Information given
------------------------
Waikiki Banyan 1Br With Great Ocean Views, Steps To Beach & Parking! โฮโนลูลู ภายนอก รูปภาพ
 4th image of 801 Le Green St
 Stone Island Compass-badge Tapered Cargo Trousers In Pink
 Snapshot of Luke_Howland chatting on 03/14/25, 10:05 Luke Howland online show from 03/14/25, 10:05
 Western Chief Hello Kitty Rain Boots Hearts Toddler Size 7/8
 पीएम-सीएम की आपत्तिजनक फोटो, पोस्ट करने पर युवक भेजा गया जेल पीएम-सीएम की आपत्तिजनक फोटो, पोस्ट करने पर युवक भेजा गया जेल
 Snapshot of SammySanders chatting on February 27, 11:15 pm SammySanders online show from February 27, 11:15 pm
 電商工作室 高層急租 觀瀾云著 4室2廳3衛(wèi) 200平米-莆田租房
------------------------
Task item
Give back the records above exactly, limited to the lines between the one holding "Snapshot of Luke_Howland" and the one holding "गया जेल पीएम-सीएम", inclusive.

Output of the exercise
 Snapshot of Luke_Howland chatting on 03/14/25, 10:05 Luke Howland online show from 03/14/25, 10:05
 Western Chief Hello Kitty Rain Boots Hearts Toddler Size 7/8
 पीएम-सीएम की आपत्तिजनक फोटो, पोस्ट करने पर युवक भेजा गया जेल पीएम-सीएम की आपत्तिजनक फोटो, पोस्ट करने पर युवक भेजा गया जेल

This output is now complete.